Chances are I’ll never return to Russia, the country formerly known as the Soviet Union, where I spent twenty-eight days in June of 1989, a quarter of a century ago and counting. I didn’t realize it at the time, but I was taking a last peek at an empire on the brink of collapse, and indeed I didn’t experience the police state I thought I’d encounter. My naive expectation was that the KGB would sweep down on jaywalkers and haul them off to some gulag in Irkutsk, but what I found instead were swarms of black-marketers openly operating everywhere I wandered, exchanging money or swapping a Soviet flag for a pair of blue jeans or sunglasses.
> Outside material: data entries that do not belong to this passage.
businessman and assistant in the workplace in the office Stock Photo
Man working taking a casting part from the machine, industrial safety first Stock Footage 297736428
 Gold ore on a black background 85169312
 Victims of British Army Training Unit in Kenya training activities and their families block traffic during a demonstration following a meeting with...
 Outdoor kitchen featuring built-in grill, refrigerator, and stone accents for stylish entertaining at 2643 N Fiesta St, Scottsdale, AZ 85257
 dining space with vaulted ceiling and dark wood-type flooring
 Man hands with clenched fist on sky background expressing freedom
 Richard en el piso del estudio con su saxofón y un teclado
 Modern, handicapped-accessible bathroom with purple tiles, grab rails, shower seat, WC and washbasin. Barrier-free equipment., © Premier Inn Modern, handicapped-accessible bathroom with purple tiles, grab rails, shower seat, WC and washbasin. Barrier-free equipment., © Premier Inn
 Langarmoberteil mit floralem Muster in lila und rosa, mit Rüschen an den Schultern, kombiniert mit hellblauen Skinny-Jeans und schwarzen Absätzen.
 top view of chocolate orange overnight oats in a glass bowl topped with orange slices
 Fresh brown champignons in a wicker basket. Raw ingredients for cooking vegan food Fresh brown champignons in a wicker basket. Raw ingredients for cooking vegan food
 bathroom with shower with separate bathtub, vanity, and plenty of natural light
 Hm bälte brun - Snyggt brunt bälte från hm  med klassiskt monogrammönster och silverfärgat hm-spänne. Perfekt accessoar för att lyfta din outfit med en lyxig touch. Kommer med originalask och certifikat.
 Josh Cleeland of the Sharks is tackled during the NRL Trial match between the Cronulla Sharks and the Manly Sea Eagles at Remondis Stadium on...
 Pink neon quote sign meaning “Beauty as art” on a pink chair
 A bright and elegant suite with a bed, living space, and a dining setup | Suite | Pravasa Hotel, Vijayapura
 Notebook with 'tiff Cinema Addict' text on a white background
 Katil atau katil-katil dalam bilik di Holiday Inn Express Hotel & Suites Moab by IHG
During a long sunshiny night on the Gulf of Finland, just west of Leningrad, an East German tourist pulled a knife on me. I had knocked on the door of his room where five men were bellowing patriotic songs at 3 AM. At first, the knife-wielder and his non-English speaking compatriots invited me in to share beer and sausage, but after I communicated that I was from the US, one pulled out a knife. The others quickly quieted him and produced snapshots of their children to establish our brotherhood. I didn’t carry photos of my own boys who were five and four at the time and would have appreciably “aged” when I would see them next.
I was one of four chaperones in charge of twenty high school students and two college freshmen. It was a frenetic trip that took us from Leningrad to Moscow to Siberia, then westward down through Uzbekistan, Kazakhstan, Soviet Georgia, then finally back to Moscow. However, it was Leningrad — now St. Petersburg — the setting of Crime and Punishment — that was the most surreal.
Criss-crossed with canals, Leningrad was a beautiful city of 18th century pastel-colored buildings (and, of course, so is St. Petersburg today). However, back then, its citizens were the most morose human beings I’ve ever encountered. To a man and woman (I don’t remember seeing any children), they shuffled along wearing expressions of total, abject despair. Even on the two-story escalators leading to and from the gorgeous subway stations, lovers who faced each other holding both hands wore the expressions of people about to be taken away to be shot.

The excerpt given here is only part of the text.